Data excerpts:
************
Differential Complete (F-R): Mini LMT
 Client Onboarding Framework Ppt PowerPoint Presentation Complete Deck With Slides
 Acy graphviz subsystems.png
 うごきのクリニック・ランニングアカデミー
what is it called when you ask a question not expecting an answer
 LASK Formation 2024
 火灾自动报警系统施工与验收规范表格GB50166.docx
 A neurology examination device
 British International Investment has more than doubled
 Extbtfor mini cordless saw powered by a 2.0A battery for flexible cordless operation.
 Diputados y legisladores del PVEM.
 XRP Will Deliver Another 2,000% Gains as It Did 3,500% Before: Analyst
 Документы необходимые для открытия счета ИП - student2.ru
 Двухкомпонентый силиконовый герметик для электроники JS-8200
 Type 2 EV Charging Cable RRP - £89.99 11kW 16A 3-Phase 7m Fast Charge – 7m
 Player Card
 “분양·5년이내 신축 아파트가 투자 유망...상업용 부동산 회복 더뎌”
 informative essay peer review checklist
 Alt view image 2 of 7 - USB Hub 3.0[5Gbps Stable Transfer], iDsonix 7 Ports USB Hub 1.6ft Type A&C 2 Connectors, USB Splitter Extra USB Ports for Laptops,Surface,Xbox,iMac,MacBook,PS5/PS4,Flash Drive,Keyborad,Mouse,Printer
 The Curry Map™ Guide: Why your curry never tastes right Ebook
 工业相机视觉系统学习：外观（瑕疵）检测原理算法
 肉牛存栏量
************
> _WORK REQUIRED_: Filter the data above down to lines with the word "Type", and copy them.

> _YOUR RESPONSE_:
 Type 2 EV Charging Cable RRP - £89.99 11kW 16A 3-Phase 7m Fast Charge – 7m
 Alt view image 2 of 7 - USB Hub 3.0[5Gbps Stable Transfer], iDsonix 7 Ports USB Hub 1.6ft Type A&C 2 Connectors, USB Splitter Extra USB Ports for Laptops,Surface,Xbox,iMac,MacBook,PS5/PS4,Flash Drive,Keyborad,Mouse,Printer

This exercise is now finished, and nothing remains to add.